▸ What to do:
Your reply should be the whole listing, copied exactly, with the pictures left out.

▸ Data shown:
"""

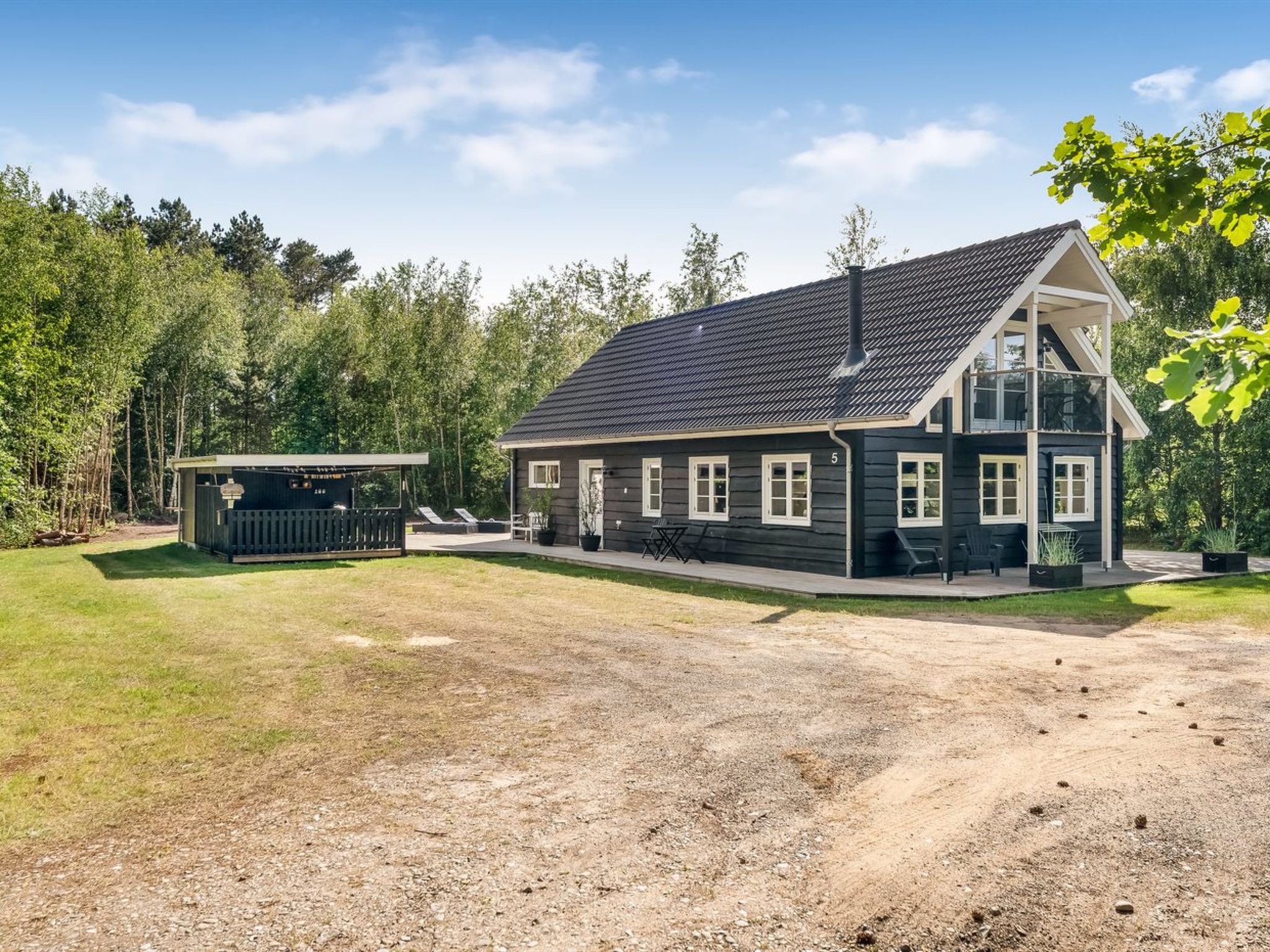 "Stanko" - 300m from the sea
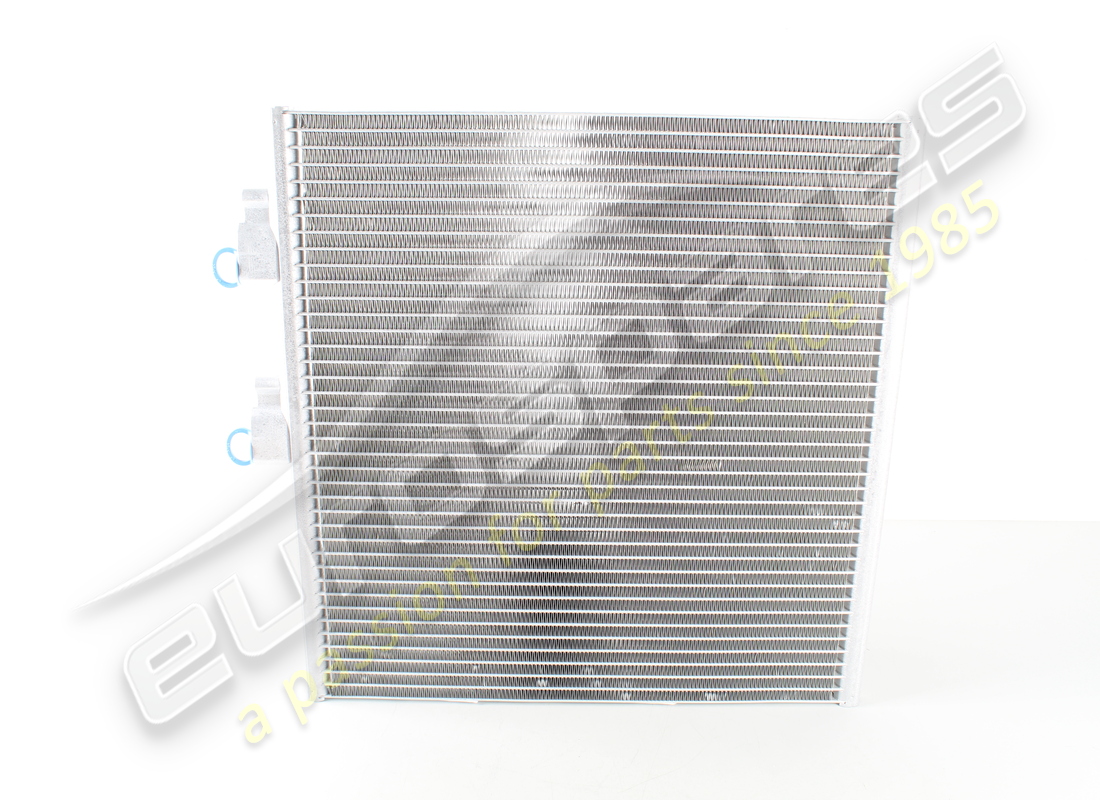 NEW PORSCHE A/C CONDENSER. PART NUMBER PAD260403 (1) new porsche a/c condenser. part number pad260403 (1)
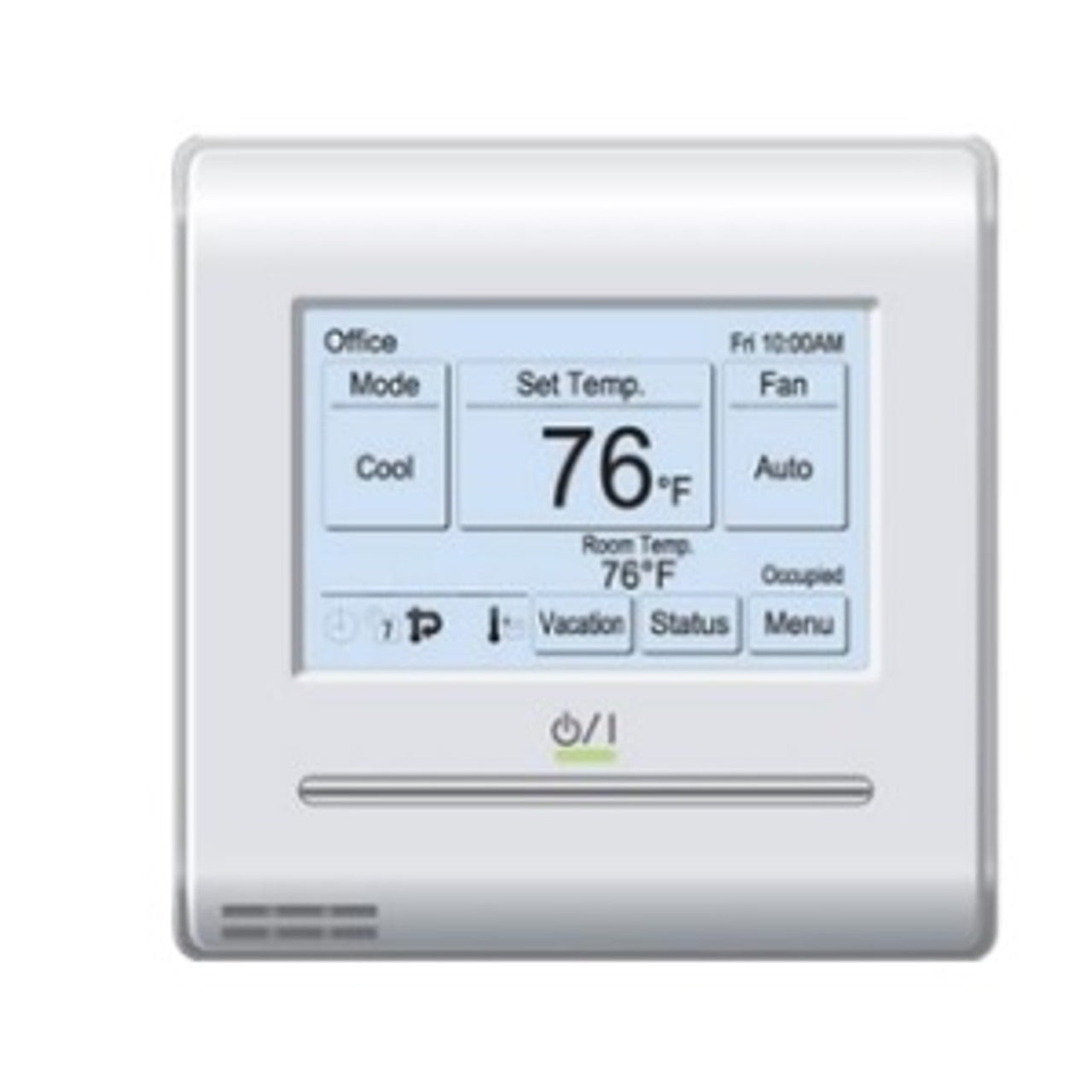 RHEEM RHEEM PD455650 Thermostat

"""

▸ Result for this task:
 "Stanko" - 300m from the sea
 NEW PORSCHE A/C CONDENSER. PART NUMBER PAD260403 (1) new porsche a/c condenser. part number pad260403 (1)
 RHEEM RHEEM PD455650 Thermostat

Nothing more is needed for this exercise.